By Professor Surya Mahadevan, T. A. Pai Management Institute

Time is running out fast for the embattled Vodafone-Idea combine, the entity which came into existence amid much fanfare only three years ago. Unfortunately, the debt-laden venture never came out of the shadow of their bigger rivals like RIL-offspring Jio and Sunil Mittal-helmed Bharti Airtel. Worse, it was an idea whose time never came! Now, as desperate promoters run helter-skelter, with some industry experts even suggesting a government- led bailout package, the billion dollar question is: Can the trouble-torn telco survive what looks like an existential crisis?
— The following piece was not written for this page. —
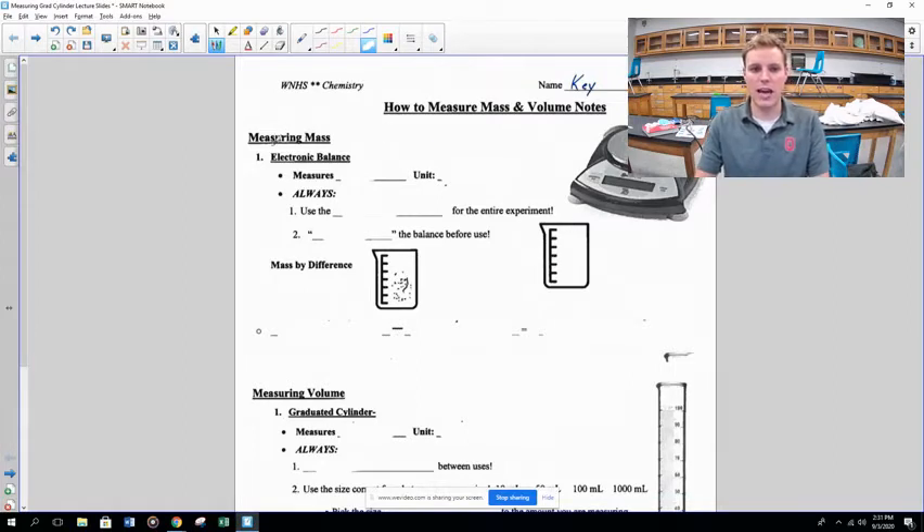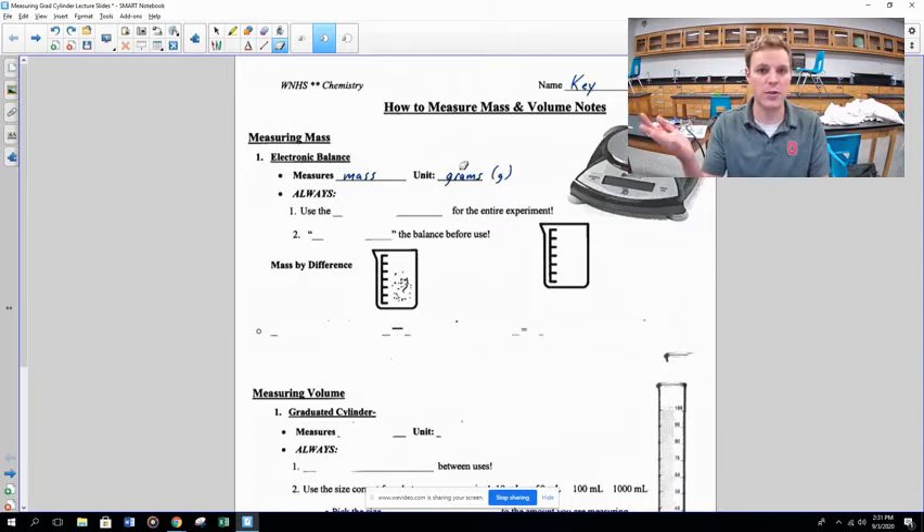The first thing we're going to look at is how to measure mass using the electronic balance. The electronic balance measures mass and the unit is grams — sometimes symbolized by the little letter G, so 50 G means 50 grams.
How often does it happen that a market leader with 40% revenue market share suffers 50% erosion in its share, that too in a short period of four years? It gets curiouser when this ignominy is handed out by a new entrant in telecom industry where incumbents hold huge lead and advantage.

In retrospect

Before we get to the current stage and contemplate on how Vodafone can turn it around, let us replay the series of events that led to this spectacular collapse. That story offers interesting if painful lessons in competitive corporate play. When we replay it in slow motion, hindsight will offer perspectives on the events and the ecosystem comprising of government policy, regulation and the legal system that conspired to debilitate Vodafone-Idea.

So, lets unravel the series of events starting with the disruptive entry of Reliance Jio, quiet exit of a clutch of weak players, coming together of the number 2 and number 3 telecom players and the court verdict that held that revenue share will have to be paid on all income.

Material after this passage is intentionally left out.